Radiation is also an issue - it means you can't use plastics in geostationary orbit, for instance, and you're more likely to use aluminum or metal foils to shield your core equipment. Basically, you let the foil take the heat.
But there are other more surprising issues.
"Most people aren't aware we have this bizarre effect called ATOX, which is short for Atomic Oxygen. It occurs in low-Earth orbit and it's the last wisps of the Earth's atmosphere, lighter molecules of oxygen, whizzing around," says Lawton.
In the human body you get oxygen damage to cells. Metals on Earth corrode on because of oxygen content.

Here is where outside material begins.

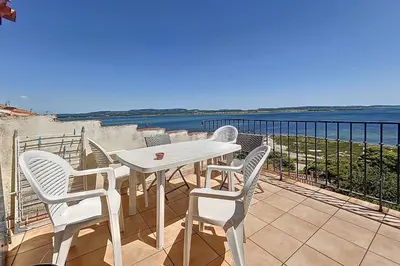 a white table and chairs on a balcony with the ocean at Charming house with terrace and breathtaking views in Bages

And the same problem exists in space.
"When you combine that with extremes of temperature and the wisps of radiation we see, ATOX damage can catch you out," says Lawton. "Carbon fibers get brittle with ATOX and if you get a puncture, your structure will shatter."
Then there's the issue of vacuum. You can't any Earthly lubricants, because in space "they just vaporize. You have to review every material before you put it in space."
Gawd, it's enough to make you give up. Luckily, some never do.